Recorded data
<<<<
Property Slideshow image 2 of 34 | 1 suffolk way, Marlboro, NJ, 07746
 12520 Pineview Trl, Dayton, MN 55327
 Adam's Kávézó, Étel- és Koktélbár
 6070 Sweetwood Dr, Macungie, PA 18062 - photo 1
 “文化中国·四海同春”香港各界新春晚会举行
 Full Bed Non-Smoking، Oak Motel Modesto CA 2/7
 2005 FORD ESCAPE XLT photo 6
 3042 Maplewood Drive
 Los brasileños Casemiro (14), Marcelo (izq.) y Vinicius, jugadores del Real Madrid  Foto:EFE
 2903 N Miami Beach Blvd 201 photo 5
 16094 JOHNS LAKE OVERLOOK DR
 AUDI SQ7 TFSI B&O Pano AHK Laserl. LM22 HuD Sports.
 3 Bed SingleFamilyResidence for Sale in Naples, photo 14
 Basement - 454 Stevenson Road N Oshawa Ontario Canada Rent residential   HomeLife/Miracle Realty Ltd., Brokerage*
>>>>
What is being asked
Return every line of the data unchanged.

Answer box
Property Slideshow image 2 of 34 | 1 suffolk way, Marlboro, NJ, 07746
 12520 Pineview Trl, Dayton, MN 55327
 Adam's Kávézó, Étel- és Koktélbár
 6070 Sweetwood Dr, Macungie, PA 18062 - photo 1
 “文化中国·四海同春”香港各界新春晚会举行
 Full Bed Non-Smoking، Oak Motel Modesto CA 2/7
 2005 FORD ESCAPE XLT photo 6
 3042 Maplewood Drive
 Los brasileños Casemiro (14), Marcelo (izq.) y Vinicius, jugadores del Real Madrid  Foto:EFE
 2903 N Miami Beach Blvd 201 photo 5
 16094 JOHNS LAKE OVERLOOK DR
 AUDI SQ7 TFSI B&O Pano AHK Laserl. LM22 HuD Sports.
 3 Bed SingleFamilyResidence for Sale in Naples, photo 14
 Basement - 454 Stevenson Road N Oshawa Ontario Canada Rent residential   HomeLife/Miracle Realty Ltd., Brokerage*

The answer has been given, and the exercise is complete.